A quite opposite syndrome could be observed in case of non-institutional sources of credit. Only one-tenth of rural households now borrow from non-institutional sources compared to about one-thirds in earlier period. This means, access to highly usurious forms of credit has been replaced by relatively cheap sources of credit. This has positive impacts on all groups, especially the poor. For example, only one-fourths of the marginal landowning groups borrowed from non-institutional sources in 2008 compared to one-thirds in 1988. The diminished role of non-institutional sources of credit and the rise of institutional sources should be construed as positive development in rural areas. The landless households mostly benefited from this development through availing credit and creating assets for livelihood.
Finally, we can talk about another asset called mobile phone. Roughly 90 per cent of the rural households own at least one set. Initially, advent of mobile phones, like others technologies, went to benefit the rich but over time, the gap has reduced.

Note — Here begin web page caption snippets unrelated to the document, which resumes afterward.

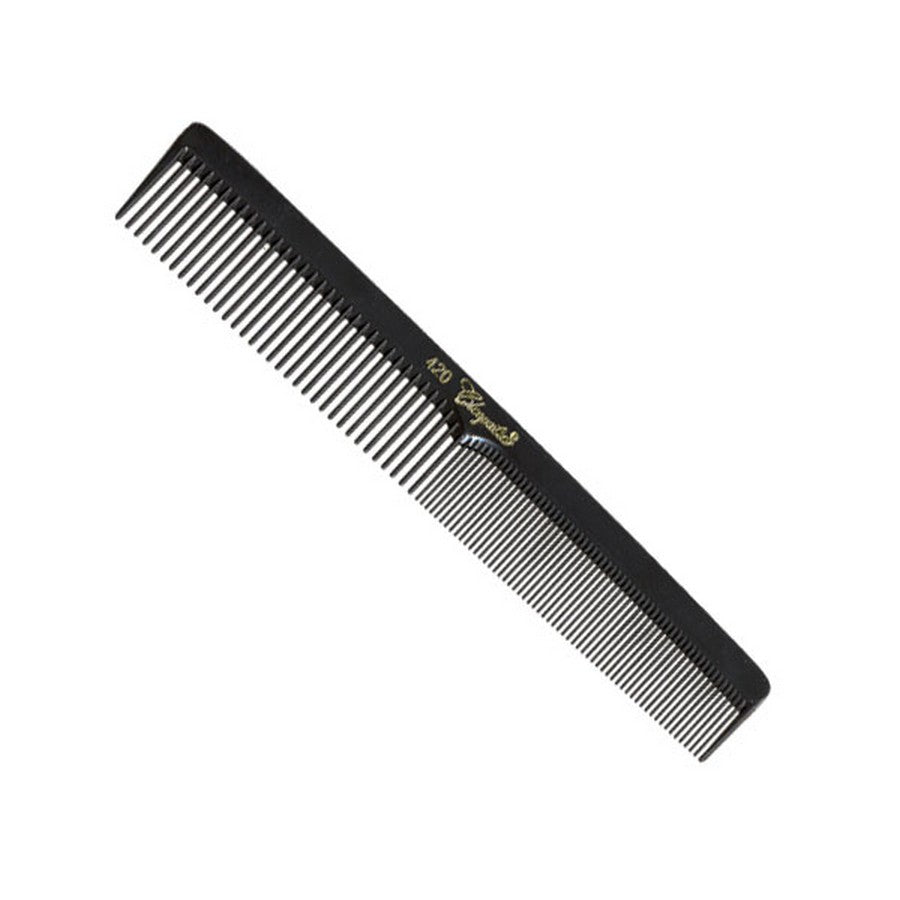 Cleopatra 420  (12 Pack Combs)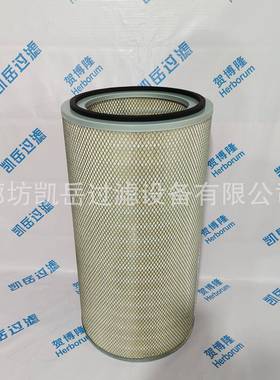 集尘器除尘滤筒P190911P191194P190817P190818喷砂机除尘滤芯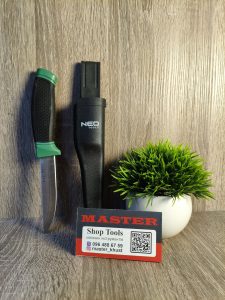 Ніж NEO Tools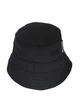 Панама Custom Wear двостороння рефлектив з чорним - изображение 8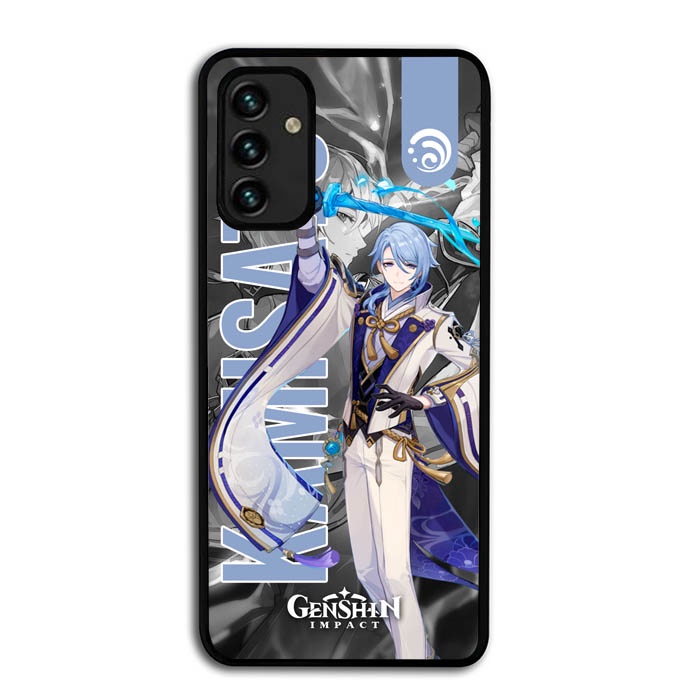 Casing Hardcase Custom Softcase Samsung Galaxy A05 A05S A11 A12 A13 A14 A20 A22 A23 A24 A30 A30S A31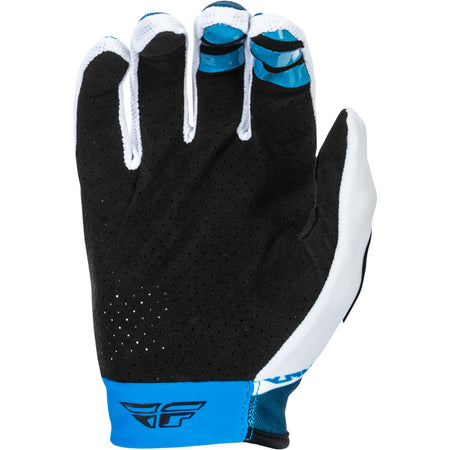 fly-racing-lite-gloves-blue-white-75f21afcbe-1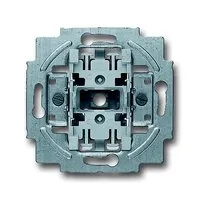 BUSCH-JAEGER ELEKTRO GMBH 2061 U Pic_2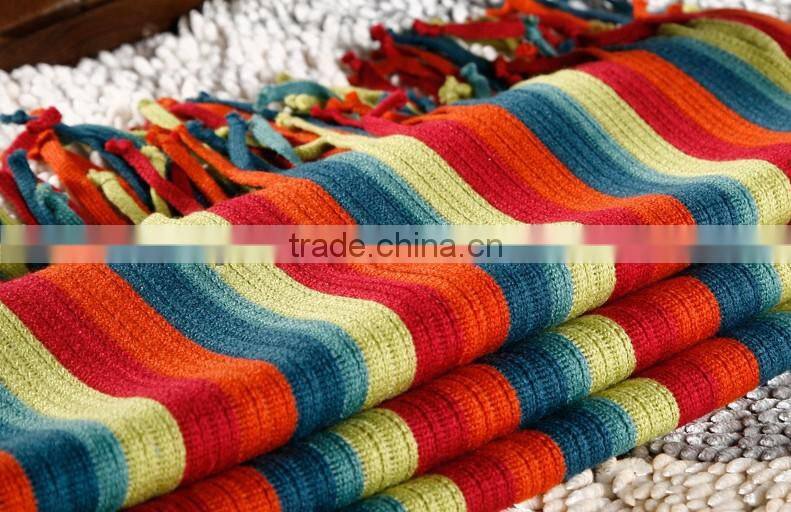household 100% acrylic blankets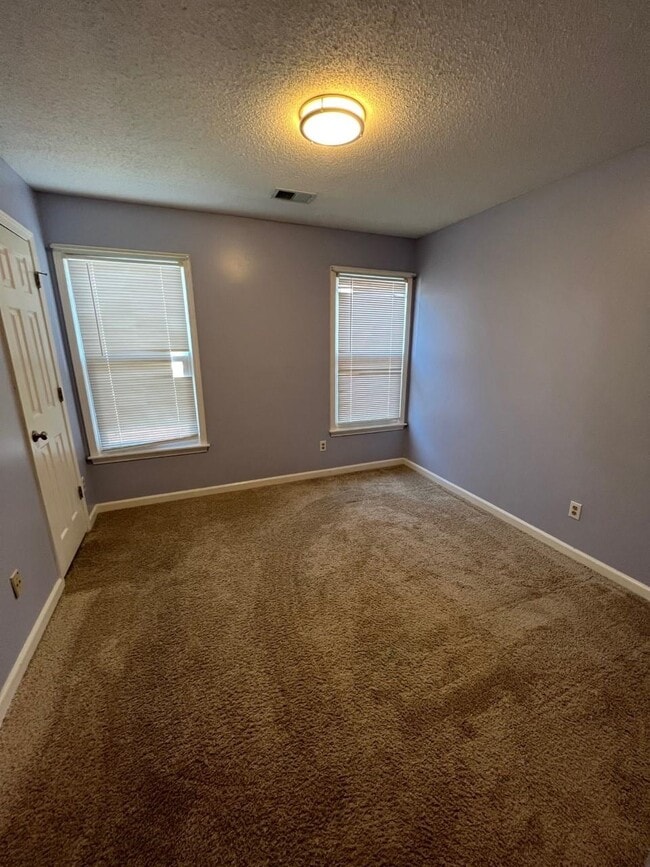 Photo - 1408 Squire Dudney Dr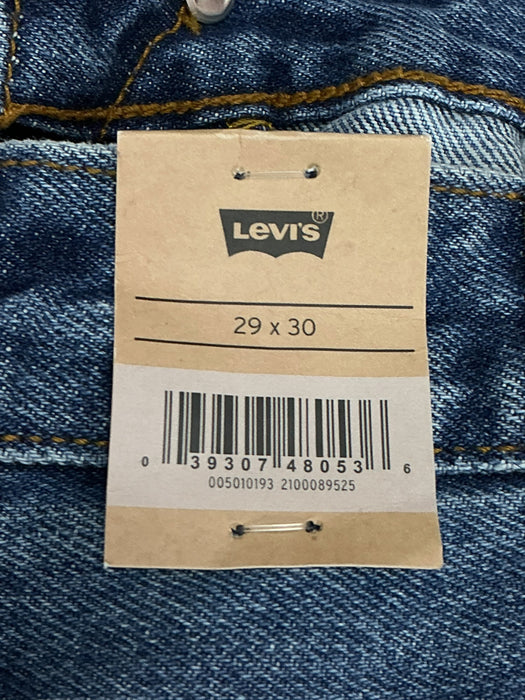Pantalón 29X30 (LEVI'S)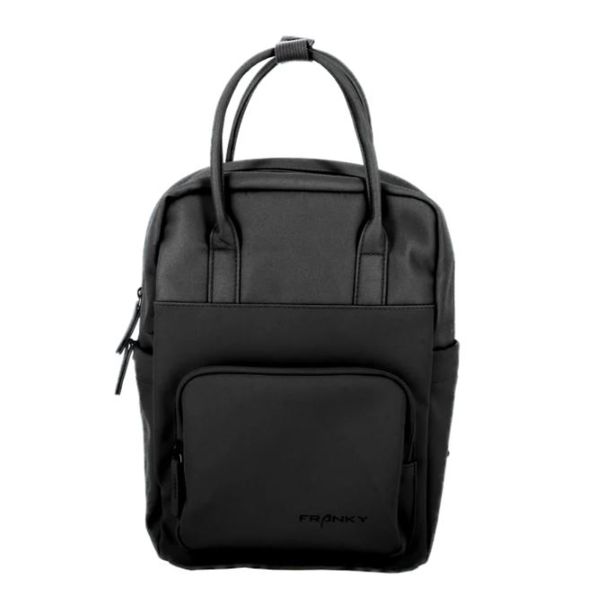 Franky Daypack RS 55 L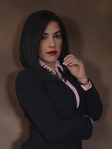 Leslie Perez Perez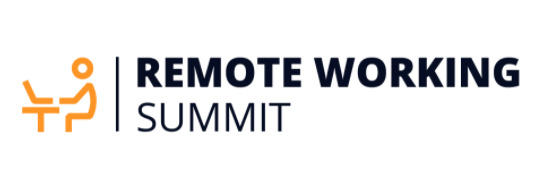 Remote Working Summit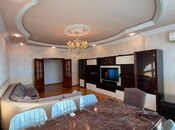 Satılır 3 otaqlı yeni tikili 135 m², Xalqlar Dostluğu m., photo 1 from 8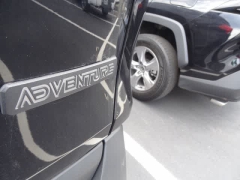 Used 2024  Toyota RAV4 Adventure AWD at CarloanExpress&period;Com near Hampton&comma; VA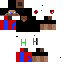 Texture for hanielbrod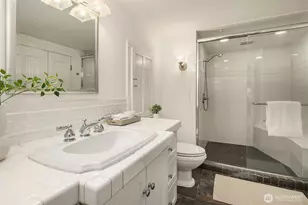 1021 McGilvra Blvd E, Seattle, WA 98112 - Photo 25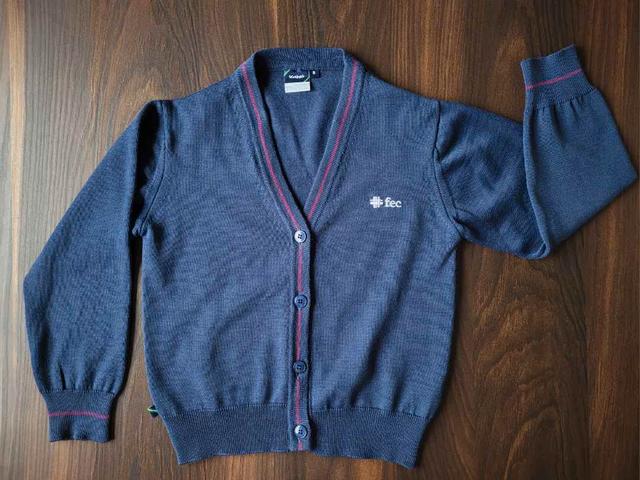 Chaqueta Hombre Punto Moda Joven El Corte Ingles Elcorteingles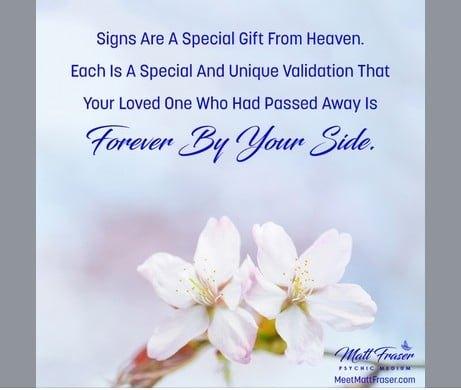 Anthony Perillo's album, Timeline photos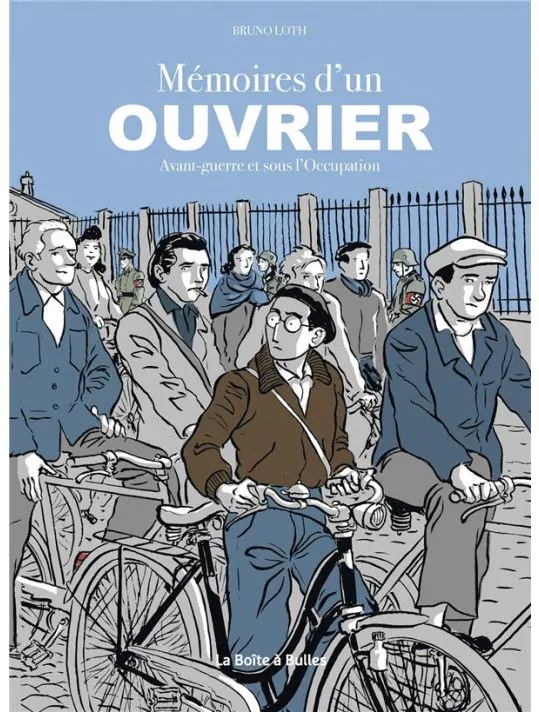 BD-mémoire-ouvrier-bruno-loth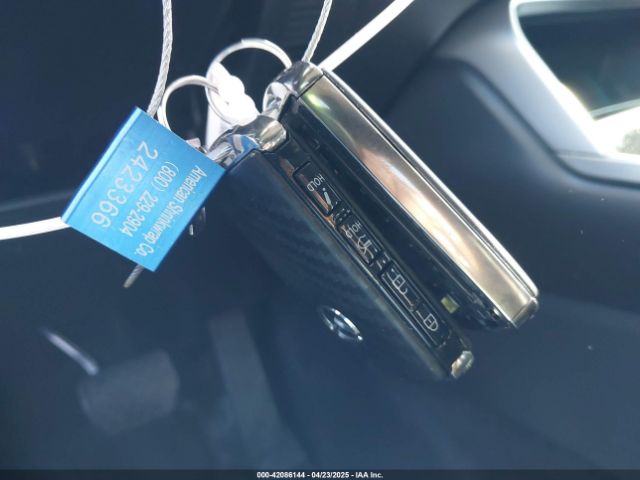 JM3KKAHD3R1165975 Mazda Cx-90 3.3 Turbo Select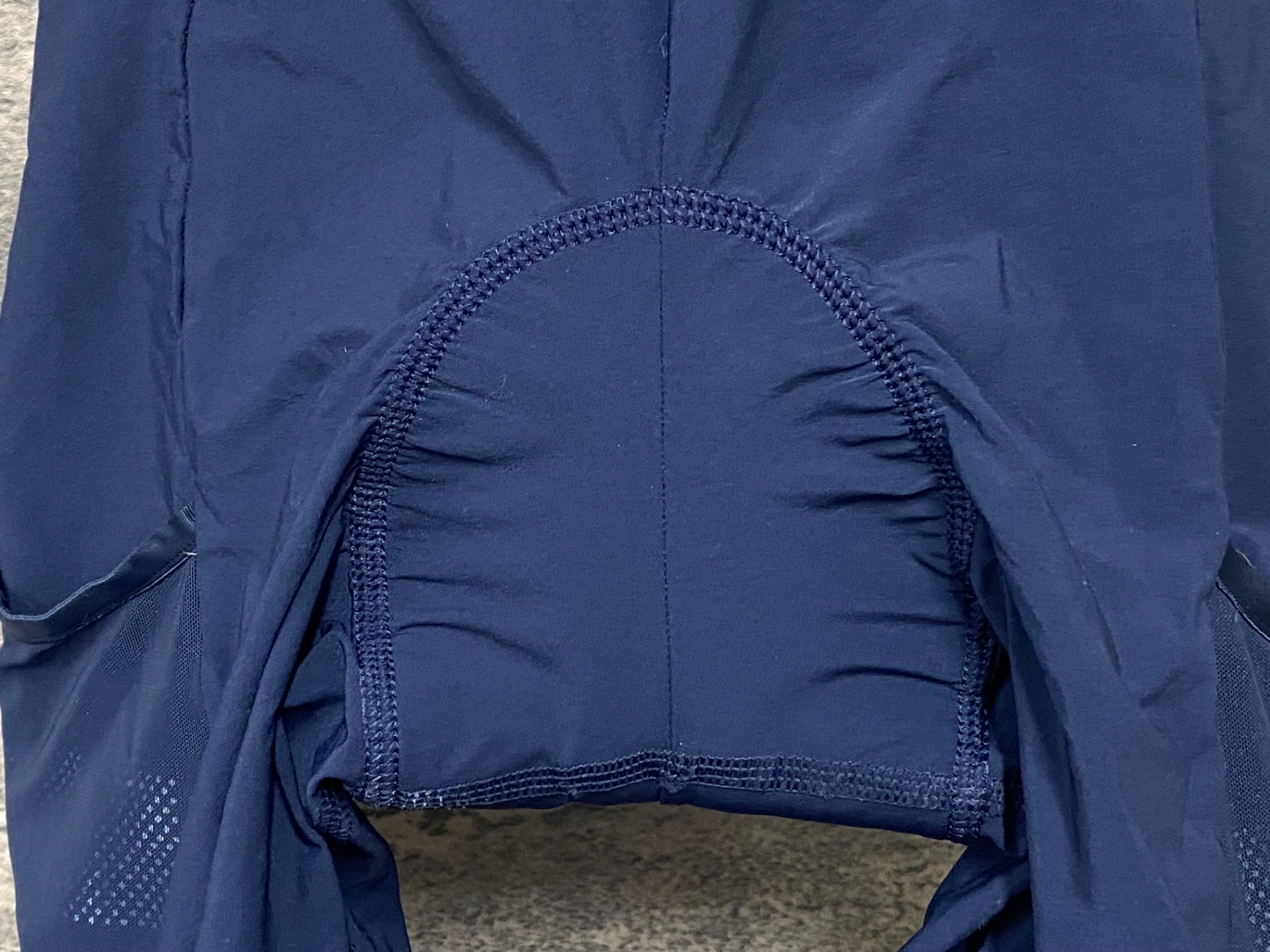 JX646 ラファ Rapha WOMEN'S CARGO BIB SHORTS カーゴビブショーツ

Access to sophisticated mobile sets still remains within the reach of the rich.
It is by now very clear that ownership of more land and relatively more access to physical and financial capital by the rich went to widen income disparity in rural areas over time. In this gloomy state of affairs, the state and the NGOs have the responsibility of increasing the access of the poor to various capital-augmenting facilities. And for that to happen, the poor segment should not be left to the 'invisible hands' nor to the mercy of the market. Visible but selected interventions by the state like agricultural subsidies, special assistance for secondary and tertiary education, special credit arrangements etc., could minimise the disparity, if not remove it.
The writer is Professor of Economics at Jahangirnagar University.